I've tried to supplement the more inappropriate songs and artists with "kid friendly" options. Justin Bieber is on that play list for reasons obvious to those of you who know Punkin, and I'll even admit that his song Somebody to Love has won me over. If he's going to be supporting my youngest daughter and their children some day (you know, after they're joined in holy matrimony as Punkin is certain is going to happen as soon as he loses that Selena Gomez chick) I should probably start trying to be supportive of his career, right? In addition to the before mentioned Disney related songs from movies and television, Bob Marley's Three Little Birds gets frequent play time in my car. My new favorite suggestion came from a friend who talked about adding a Kidz Bop station via Pandora on her iPhone. In my most recent effort, I attempted to infuse a little more country into their lives during our drive to El Paso yesterday. Within the first five seconds on two separate songs Punkin made her displeasure known with shouts of "Disgusting!" and "BOOOO!". I suppose I should take her lead on those opinions considering a song that encourages girls to shake it for the young bucks sitting' in the honky tonks isn't exactly the best message to pass along to my impressionable daughters either.
When I get overly concerned with what I'm doing to my daughters based what is becoming the soundtrack of their youth, I just remind myself that I grew up idolizing one of my own generation's most questionable pop stars and turned out okay in the end. Initially introduced to Madonna after an afternoon of musical discovery at my friend Lori's house, my parents bought me the Like A Virgin cassette the following Christmas - a very memorable and well received gift, I assure you. This was a huge departure from the Elvis and John Denver eight tracks that provided the background music in our house up until that moment, and at seven years old I'm surprised my mom went along with my gift request. I vividly remember her asking me if I knew what "virgin" meant. I guess maybe I'll just take her lead and let my girls discover what makes their ears happy.

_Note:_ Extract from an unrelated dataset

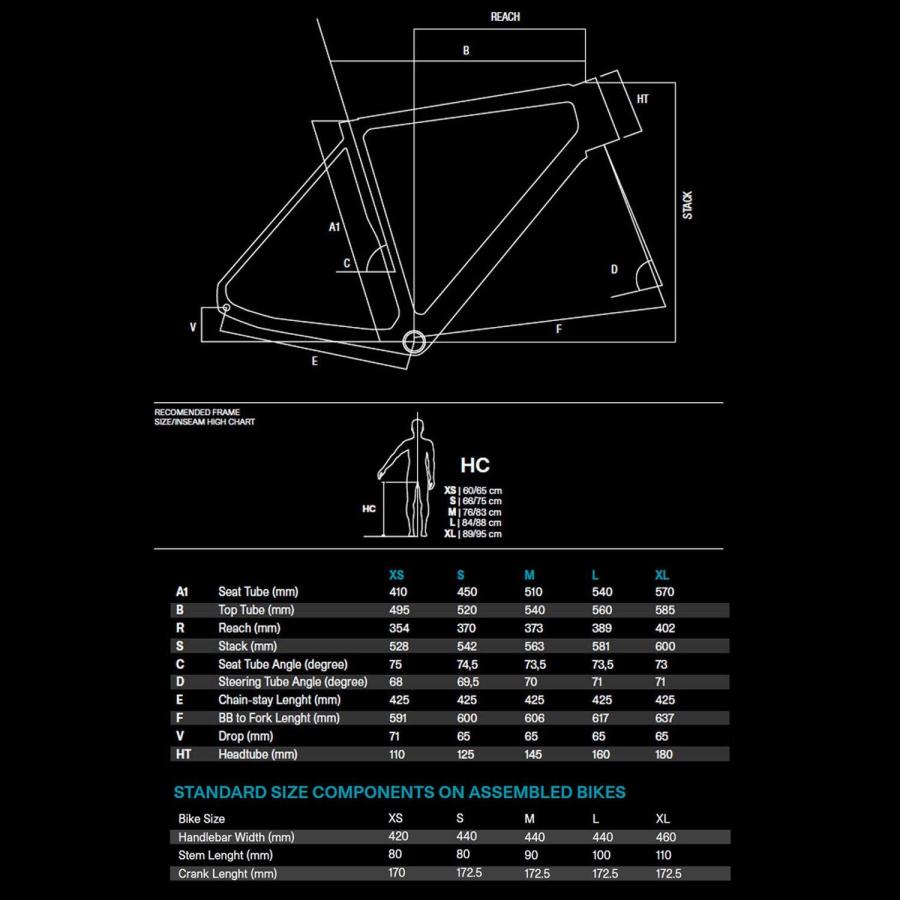BASSO PALTA FRAME SET バッソ パルタ カーボン フレームセット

So far *knock on wood* we have not had any embarrassing moments where offensive words have been repeated or asked for clarification (with the exception of Shortcake asking "What does 'go to hell' mean?" I totally dropped the push-next-ball on that one). I know that time is coming, but for now I'm just going to play the "we'll cross that bridge when we come to it" game. In the meantime I'm taking suggestions from you for kid friendly songs that won't make me want to stick a fork in my ears.
And just so you know, after being told by Punkin that I sound exactly like Olivia Newton John while I'm singing along to "You're the One That I Want", I'm already all over downloading the rest of the Grease soundtrack so you can save yourself time by eliminating that suggestion.